Most memorable moment on air

It would definitely be ‘September 11’, no doubt about it. It happened during breakfast radio and was unfolding as the world woke up. People were going about their day, but realising something massive was happening and it still gives me goosebumps thinking about it, trying to get information to people. The internet existed and that was where I was getting information from, but people didn’t have the internet on their phones like they do now, so as soon as they left for work, they were desperate for information and the radio was where they got it from – that’s where radio shines. People still say to me, ‘That’s the day I started listening to you, on September 11”.

Favourite moment on air

Talking to Hugh Jackman! Those things are really fun, I do love them. When we jag a really big star it’s pretty exciting, you never forget them. He was so lovely and the funniest thing is I reckon he did upwards of 200 interviews that day, but he was so nice to us and pretended he was excited, he was great fun.

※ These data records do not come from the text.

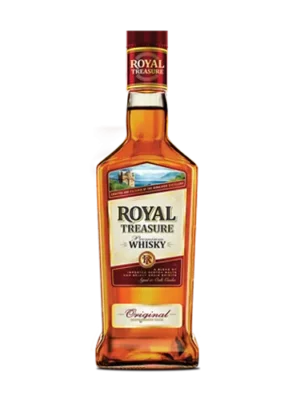 Royal Treasure 750ml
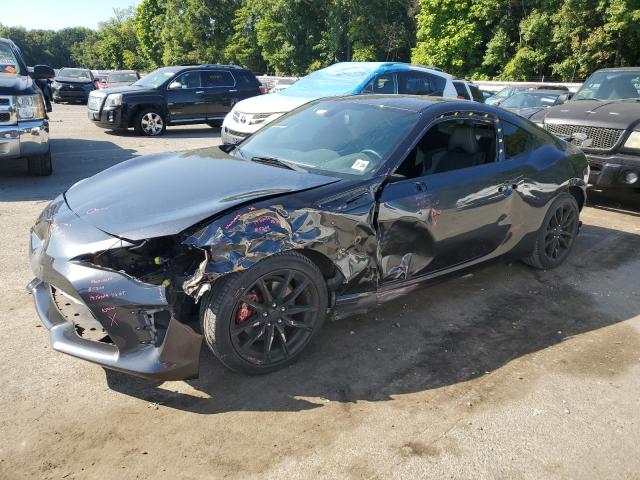 toyota 86 gt 2019 jf1znae14k8700047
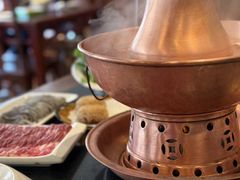 -南门涮肉(北洼路店)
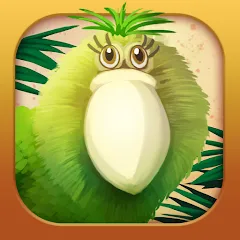 Скачать Kakapo Run: Animal Rescue Game (Какапо Ран) [МОД: Все открыто, Дополнительные деньги и Меню MOD] | Взлом Kakapo Run: Animal Rescue Game на Андроид
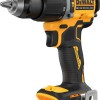 Dewalt Κρουστικό Δραπανοκατσάβιδο Μπαταρίας Solo Brushless 18V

Least favourite moment on air

My least favourite moment came very early in my career on Mix FM. I won’t name the franchise, but I said at Easter time, ‘There’s only one chocolate I don’t like’, and I named a brand and then I spent the rest of the day driving around to franchisees apologising to them, while they cried and said I’d ruined their Easter sales. It was terrible, the worst day. But it was a really good lesson for me, I realised when you say something that you think is flippant it can actually really affect people.

‘The voice’

When I was younger I never knew my voice was different, but my mum says I sounded like this in the pram, as a tiny baby. I’ve had my voice investigated and I don’t have scarring, I don’t have nodules, I don’t have anything that would suggest I should have this voice, but I’ve had it since I was a baby. I don’t love it, but there’s nothing I can do about it. I know people who say, ‘I hate her voice,’ but it’s kept me employed so I can’t really complain about it.